Friday, November 27, 2009

Marathon Cooking and Eating


This year, we did more marathon eating, but we did manage to make a few dishes.

This is all the fixings for a traditional sticky rice stuffing (nuo mi fan) that my family makes in addition to bread stuffing. If you are lucky enough score an invitation to a Cantonese banquet, one fancy banquet food is a deboned, whole chicken stuffed with nuo mi fan, and then deep fried. In my family, when we make this at home, we skip the whole stuffing of the chicken, or turkey, and simply serve the nuo mi fan alongside the roasted poultry. I've turned my in-laws onto this traditional food, too, and they request "sticky rice" at the holiday table now.

I also made a couple loaves of whole wheat bread, sans starter (it died!), but I didn't bring them to the dinner table because they turned out like hockey pucks. I could've sliced it up and said it was German bread, but I suspected that there would be plenty of other carbs for us to enjoy. We speedily made some coconut pumpkin pie ice cream in place of the bread.
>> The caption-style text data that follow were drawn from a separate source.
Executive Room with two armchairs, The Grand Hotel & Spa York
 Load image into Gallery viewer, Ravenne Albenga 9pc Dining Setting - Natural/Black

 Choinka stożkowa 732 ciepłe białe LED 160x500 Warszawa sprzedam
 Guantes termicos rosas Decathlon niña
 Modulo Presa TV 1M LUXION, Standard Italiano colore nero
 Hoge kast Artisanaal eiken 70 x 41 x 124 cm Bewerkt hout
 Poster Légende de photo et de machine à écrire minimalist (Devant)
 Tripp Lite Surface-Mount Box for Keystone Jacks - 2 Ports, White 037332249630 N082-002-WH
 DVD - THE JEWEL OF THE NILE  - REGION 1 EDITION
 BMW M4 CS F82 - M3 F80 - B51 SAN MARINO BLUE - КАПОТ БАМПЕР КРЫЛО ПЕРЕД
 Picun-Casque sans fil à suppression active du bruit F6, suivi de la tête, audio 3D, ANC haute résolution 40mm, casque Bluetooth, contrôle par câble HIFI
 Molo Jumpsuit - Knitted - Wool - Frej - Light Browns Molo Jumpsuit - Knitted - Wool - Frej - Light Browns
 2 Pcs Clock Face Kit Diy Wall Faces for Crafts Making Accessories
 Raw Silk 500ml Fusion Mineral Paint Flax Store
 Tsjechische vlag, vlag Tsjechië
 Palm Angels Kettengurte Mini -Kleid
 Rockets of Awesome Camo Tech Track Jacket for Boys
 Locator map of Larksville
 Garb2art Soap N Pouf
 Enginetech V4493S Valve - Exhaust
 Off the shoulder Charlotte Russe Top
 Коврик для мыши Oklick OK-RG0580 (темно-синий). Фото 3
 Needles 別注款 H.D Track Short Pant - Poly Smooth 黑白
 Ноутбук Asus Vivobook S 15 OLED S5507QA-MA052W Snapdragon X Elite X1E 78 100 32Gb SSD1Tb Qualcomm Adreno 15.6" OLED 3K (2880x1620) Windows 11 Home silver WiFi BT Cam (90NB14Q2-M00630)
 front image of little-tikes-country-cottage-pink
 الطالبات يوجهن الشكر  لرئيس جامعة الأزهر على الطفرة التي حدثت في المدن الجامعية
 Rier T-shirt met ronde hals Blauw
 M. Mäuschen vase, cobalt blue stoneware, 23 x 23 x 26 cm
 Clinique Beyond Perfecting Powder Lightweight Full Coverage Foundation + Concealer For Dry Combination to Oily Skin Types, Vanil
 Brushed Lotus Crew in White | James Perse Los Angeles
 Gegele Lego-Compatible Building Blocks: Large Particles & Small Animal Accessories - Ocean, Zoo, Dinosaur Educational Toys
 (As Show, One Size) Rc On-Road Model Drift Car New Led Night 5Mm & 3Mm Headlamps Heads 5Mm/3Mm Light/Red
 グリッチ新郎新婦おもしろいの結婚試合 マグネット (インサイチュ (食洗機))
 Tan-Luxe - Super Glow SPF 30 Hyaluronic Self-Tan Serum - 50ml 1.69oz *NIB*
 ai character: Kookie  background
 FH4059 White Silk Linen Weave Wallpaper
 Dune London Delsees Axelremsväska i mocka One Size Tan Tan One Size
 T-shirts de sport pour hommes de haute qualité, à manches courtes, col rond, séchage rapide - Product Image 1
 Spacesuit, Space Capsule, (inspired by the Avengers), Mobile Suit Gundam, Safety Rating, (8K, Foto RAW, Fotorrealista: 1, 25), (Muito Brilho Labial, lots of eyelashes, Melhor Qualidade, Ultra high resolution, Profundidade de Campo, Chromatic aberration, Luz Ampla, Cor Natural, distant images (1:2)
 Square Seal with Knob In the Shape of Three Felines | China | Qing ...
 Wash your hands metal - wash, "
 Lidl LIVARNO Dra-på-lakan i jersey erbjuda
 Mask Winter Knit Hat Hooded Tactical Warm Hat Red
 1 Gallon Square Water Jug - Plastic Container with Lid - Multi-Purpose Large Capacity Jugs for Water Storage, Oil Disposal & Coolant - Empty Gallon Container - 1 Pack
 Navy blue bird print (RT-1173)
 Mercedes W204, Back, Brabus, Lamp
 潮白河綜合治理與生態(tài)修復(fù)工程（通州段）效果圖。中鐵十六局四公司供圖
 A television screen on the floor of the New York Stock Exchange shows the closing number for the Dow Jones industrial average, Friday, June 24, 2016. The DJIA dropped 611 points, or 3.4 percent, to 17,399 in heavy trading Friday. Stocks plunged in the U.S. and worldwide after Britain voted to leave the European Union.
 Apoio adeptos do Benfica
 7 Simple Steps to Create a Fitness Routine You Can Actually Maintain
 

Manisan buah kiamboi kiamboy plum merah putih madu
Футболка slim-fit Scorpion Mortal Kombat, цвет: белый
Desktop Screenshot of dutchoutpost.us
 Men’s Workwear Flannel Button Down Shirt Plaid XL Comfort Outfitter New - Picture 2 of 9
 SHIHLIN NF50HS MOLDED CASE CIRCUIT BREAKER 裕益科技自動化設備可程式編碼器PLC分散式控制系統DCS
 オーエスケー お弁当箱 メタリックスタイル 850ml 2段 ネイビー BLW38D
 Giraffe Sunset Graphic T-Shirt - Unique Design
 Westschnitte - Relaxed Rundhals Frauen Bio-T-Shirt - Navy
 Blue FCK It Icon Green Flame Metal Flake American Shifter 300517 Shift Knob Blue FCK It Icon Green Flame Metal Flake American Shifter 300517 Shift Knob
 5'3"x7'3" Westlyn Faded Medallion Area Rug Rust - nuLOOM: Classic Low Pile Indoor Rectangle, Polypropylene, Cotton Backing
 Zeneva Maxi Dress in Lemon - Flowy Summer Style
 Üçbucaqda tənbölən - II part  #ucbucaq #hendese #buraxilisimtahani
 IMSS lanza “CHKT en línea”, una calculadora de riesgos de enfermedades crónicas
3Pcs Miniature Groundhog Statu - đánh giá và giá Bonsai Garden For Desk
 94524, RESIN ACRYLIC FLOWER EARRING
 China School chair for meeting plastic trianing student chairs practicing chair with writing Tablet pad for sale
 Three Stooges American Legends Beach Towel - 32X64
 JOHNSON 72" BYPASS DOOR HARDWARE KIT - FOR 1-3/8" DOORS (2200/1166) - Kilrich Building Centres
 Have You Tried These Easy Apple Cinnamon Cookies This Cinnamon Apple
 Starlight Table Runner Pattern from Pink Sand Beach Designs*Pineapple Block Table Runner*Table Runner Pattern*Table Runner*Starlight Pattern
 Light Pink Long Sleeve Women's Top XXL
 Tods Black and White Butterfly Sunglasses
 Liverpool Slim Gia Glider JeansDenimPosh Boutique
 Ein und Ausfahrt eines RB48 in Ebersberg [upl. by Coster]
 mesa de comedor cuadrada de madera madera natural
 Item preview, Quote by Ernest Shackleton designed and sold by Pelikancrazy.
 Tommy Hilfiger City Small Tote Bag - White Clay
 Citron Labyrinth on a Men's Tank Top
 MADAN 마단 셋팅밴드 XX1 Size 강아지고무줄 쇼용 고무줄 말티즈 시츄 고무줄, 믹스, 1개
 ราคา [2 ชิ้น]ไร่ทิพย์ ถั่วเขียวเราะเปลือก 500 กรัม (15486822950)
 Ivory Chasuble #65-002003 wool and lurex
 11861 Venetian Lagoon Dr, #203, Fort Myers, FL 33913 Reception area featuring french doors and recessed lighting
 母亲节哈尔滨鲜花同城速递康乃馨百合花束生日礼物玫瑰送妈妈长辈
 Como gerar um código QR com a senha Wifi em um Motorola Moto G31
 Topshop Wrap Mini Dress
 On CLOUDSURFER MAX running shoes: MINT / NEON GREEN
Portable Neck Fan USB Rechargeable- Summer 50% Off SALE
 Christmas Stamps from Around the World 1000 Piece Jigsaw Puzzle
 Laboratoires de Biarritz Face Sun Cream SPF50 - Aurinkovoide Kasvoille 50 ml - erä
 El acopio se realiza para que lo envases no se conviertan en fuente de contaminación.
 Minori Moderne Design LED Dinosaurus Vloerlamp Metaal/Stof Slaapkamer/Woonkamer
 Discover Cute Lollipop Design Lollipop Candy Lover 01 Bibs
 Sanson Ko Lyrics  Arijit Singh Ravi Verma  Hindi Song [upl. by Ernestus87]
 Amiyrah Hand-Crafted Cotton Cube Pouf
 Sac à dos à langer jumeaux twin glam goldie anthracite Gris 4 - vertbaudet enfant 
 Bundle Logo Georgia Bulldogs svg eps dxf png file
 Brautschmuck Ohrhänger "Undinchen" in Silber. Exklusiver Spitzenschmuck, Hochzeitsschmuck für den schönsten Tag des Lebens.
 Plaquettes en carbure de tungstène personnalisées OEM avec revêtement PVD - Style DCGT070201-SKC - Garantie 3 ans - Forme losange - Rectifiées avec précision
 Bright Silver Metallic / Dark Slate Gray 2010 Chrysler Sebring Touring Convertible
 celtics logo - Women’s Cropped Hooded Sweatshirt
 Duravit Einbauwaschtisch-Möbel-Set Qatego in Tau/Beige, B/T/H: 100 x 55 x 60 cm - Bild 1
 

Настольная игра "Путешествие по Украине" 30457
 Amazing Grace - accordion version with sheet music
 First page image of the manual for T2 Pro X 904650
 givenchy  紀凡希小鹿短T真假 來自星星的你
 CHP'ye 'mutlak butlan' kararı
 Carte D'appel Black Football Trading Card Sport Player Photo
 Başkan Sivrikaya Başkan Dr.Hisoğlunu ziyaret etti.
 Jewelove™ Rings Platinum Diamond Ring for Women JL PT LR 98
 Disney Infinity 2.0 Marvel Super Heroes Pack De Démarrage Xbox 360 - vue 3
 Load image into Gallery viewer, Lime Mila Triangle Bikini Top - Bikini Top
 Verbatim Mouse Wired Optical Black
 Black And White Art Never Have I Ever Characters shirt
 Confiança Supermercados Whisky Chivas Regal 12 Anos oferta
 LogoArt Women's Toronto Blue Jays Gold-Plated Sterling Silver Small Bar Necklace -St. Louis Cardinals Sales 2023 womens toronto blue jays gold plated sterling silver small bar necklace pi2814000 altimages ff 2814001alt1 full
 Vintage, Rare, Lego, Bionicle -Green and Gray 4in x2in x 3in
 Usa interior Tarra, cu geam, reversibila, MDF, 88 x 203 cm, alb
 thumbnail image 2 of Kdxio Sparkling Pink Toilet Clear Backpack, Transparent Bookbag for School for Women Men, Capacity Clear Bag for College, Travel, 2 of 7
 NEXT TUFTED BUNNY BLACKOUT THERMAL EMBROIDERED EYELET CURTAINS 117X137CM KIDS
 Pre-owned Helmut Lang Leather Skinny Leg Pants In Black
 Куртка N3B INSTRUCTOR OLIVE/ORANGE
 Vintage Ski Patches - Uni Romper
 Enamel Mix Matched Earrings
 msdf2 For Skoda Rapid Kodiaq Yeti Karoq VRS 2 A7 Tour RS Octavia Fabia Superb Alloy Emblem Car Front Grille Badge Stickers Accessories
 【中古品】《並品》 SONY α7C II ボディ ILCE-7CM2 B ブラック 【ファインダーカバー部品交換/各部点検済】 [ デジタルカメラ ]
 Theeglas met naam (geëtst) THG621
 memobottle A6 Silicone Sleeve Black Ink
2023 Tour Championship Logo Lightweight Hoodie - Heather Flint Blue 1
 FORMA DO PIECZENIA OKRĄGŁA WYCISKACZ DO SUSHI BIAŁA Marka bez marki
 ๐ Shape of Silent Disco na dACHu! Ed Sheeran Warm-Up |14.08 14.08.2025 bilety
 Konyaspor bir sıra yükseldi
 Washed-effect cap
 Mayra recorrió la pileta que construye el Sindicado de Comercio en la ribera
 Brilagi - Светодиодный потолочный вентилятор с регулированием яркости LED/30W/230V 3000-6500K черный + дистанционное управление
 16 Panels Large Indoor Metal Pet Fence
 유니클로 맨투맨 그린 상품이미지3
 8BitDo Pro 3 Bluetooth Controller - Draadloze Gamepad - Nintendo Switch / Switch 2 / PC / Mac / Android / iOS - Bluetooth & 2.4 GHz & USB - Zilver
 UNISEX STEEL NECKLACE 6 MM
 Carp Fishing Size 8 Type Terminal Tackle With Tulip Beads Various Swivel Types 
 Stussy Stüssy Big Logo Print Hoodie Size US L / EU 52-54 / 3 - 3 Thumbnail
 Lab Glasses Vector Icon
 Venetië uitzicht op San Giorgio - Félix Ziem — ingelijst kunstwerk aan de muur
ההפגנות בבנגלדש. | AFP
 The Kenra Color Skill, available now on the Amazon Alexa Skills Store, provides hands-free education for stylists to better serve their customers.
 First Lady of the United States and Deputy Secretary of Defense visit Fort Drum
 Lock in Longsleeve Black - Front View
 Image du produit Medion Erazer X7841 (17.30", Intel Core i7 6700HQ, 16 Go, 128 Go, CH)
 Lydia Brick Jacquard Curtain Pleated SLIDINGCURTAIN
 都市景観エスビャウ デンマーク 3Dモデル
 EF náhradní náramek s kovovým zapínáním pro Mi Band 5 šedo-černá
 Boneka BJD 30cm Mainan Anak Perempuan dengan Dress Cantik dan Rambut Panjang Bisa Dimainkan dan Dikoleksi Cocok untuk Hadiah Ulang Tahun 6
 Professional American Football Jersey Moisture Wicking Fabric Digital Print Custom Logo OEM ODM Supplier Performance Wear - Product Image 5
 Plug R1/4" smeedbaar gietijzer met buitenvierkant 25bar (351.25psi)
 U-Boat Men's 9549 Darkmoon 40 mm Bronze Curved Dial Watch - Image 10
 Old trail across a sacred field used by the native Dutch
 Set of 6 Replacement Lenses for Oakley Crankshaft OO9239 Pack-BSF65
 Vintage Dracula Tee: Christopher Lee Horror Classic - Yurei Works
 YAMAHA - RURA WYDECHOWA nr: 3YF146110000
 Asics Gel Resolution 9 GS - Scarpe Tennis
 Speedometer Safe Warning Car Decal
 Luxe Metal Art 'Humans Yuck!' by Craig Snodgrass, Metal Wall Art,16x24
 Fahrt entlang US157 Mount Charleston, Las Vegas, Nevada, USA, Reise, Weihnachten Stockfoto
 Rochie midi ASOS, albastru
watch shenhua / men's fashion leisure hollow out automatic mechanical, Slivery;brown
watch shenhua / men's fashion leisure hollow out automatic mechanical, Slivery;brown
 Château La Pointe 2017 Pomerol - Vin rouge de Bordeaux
No one seemed to mind the substitution, but homemade ice cream does have a way of covering a multitude of cooking errors.

I don't think I've posted this yet: the boy's first sweater. He knit the parts on the knitting machine, and it took me about twice as long to seam the sucker up. And, apparently, it takes me a million times longer to post the finished product. He is almost done with another sweater, but I told him in no uncertain terms that I am not seaming it again, so this one will be seamed by sewing machine. He sealed the deal (of me not seaming) when he said that it would only take him 10 minutes to seam up his sweater. Fine. Knock yourself out, kiddo.

Monday, November 9, 2009

A Hiss and a Purr

Hiss:

Whole wheat tortillas? FAIL! I milled the flour too course because attempts at a fine, pastry flour resulted in a blown electrical circuit. Next time, I need to supplement the whole wheat flour with some high gluten flour.

It's a shame that these were so thick and dry, because I had freshly rendered lard that went into them. The lard came from the fat scraps from hunk of pork butt cut into chunks for chile verde, because when I put the chile verde in the oven to stew, I threw a cast iron skillet full of the fat scraps in there as well so the fat was rendering alongside the meat stewing.

Purr:

Greaseball is allowed on the couch, but not Mingus. The only reason he got away with it was because these two were being so stinking cute. It's a rare moment when the two brothers snuggle up together.

Saturday, November 7, 2009

Forget the wine and the beer

I have Straus eggnog and Pumpkin Spice Silk! If these two beverages were to go head to head in a steel cage death match, the eggnog would devour the soy milk. It's not that the soy milk is bad, but it cannot compete with the sinfully good Straus milk.

Both were acquired at Berkeley Bowl West.

Wednesday, November 4, 2009

A Slouch for Fall

A bit of stash busting happened this weekend, along with a bit of Mingus snuggling. I knit up another Slouch for All Seasons (.pdf link) for an old friend who visited us this weekend. She picked out the yarn on Halloween, and I blocked it and snapped a quick photo before she left today.

I used about 3/4 of a skein of Cascade 220, and it was knit up on size 5 needles for the band, and size 7 needles for the body. Other than those changes, no other modifications were made to the pattern.

Colorway and dye lot information are long gone. I probably recycled the ball band in one of my purging fits, but no matter. This yarn was meant to be something for her.